● **Task to complete**:
An image-free, verbatim transcription of the records is the expected result.

● **Exercise data**:
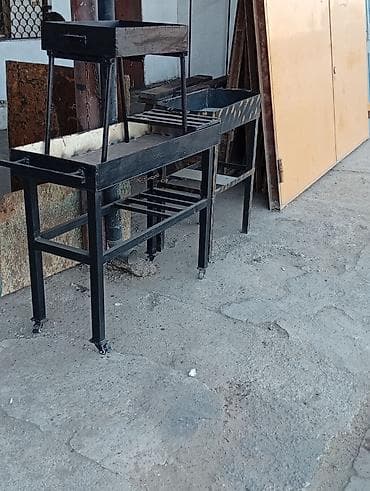 manqal şiş: Hər növ manqallarin sifarişi qiymət 50 azından başlayır ölçüyə görə — 4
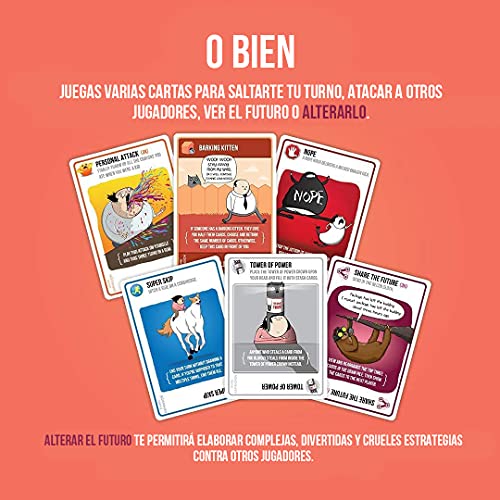 Barking Kittens - Brettspiel in Spanisch, 7+ Jahre – Bild 5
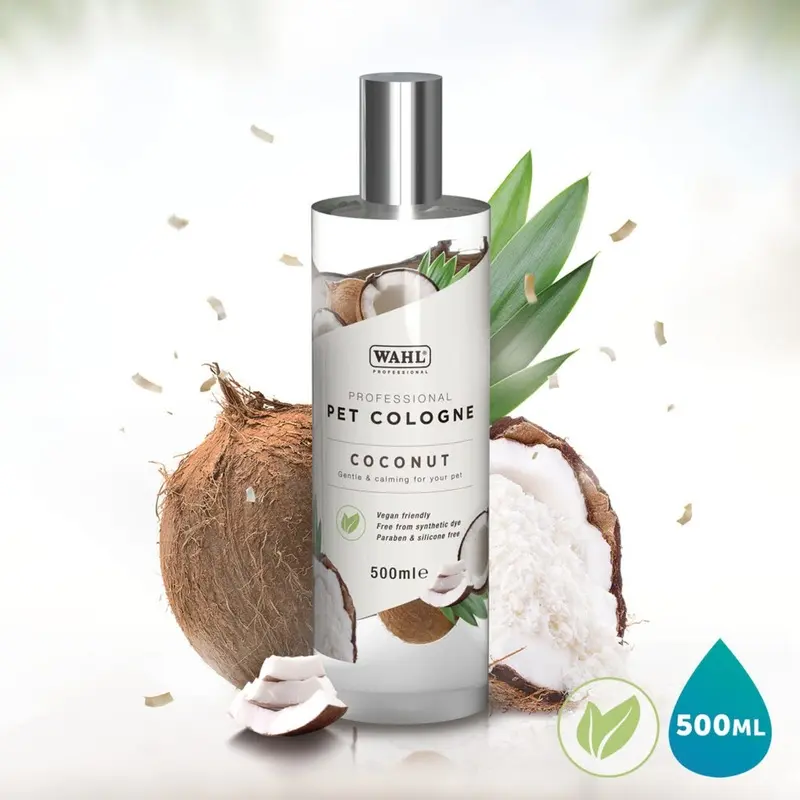 Wahl Pet Cologne Coconut 500ml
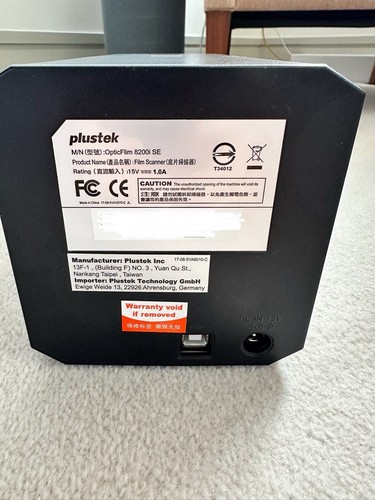 Plustek OpticFilm 8200i SE 35mm Film Scanner - Afbeelding 5 van 6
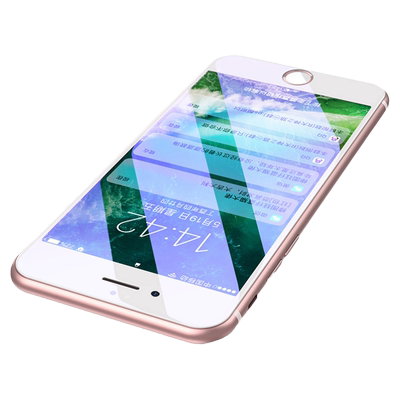 适用苹果7/8Plus全屏钢化膜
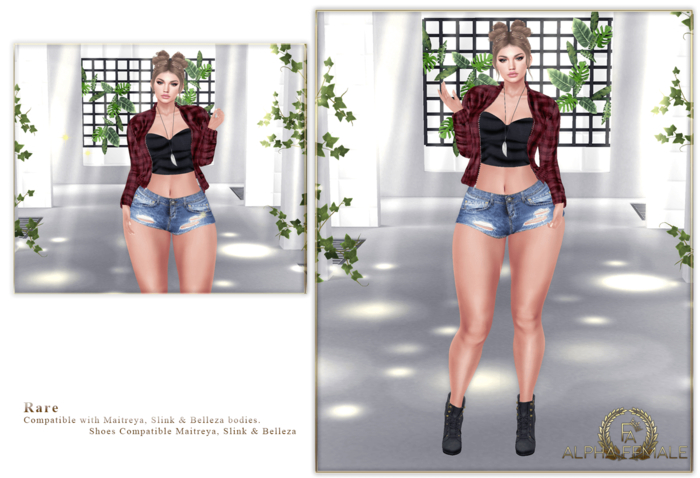 *(Wear Me)ALPHA FEMAL Rare (Wear Me)
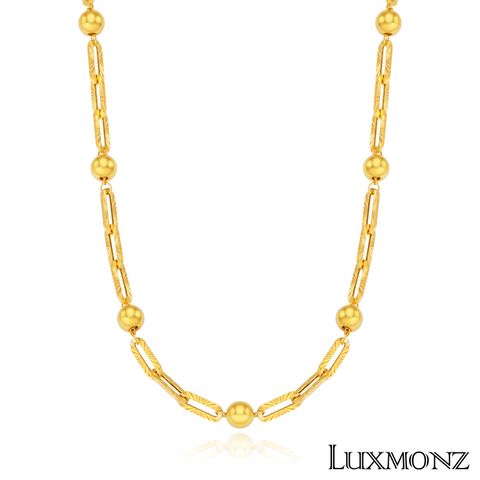 [NEW] 룩스몬즈 24K 럭키빅포니 목걸이 +(방송 중) 24K 금박키링+ 14K금볼 진주세트 +(리뷰) 소장용골드2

● **Written reply**:
 manqal şiş: Hər növ manqallarin sifarişi qiymət 50 azından başlayır ölçüyə görə — 4
 Barking Kittens - Brettspiel in Spanisch, 7+ Jahre – Bild 5
 Wahl Pet Cologne Coconut 500ml
 Plustek OpticFilm 8200i SE 35mm Film Scanner - Afbeelding 5 van 6
 适用苹果7/8Plus全屏钢化膜
 *(Wear Me)ALPHA FEMAL Rare (Wear Me)
 [NEW] 룩스몬즈 24K 럭키빅포니 목걸이 +(방송 중) 24K 금박키링+ 14K금볼 진주세트 +(리뷰) 소장용골드2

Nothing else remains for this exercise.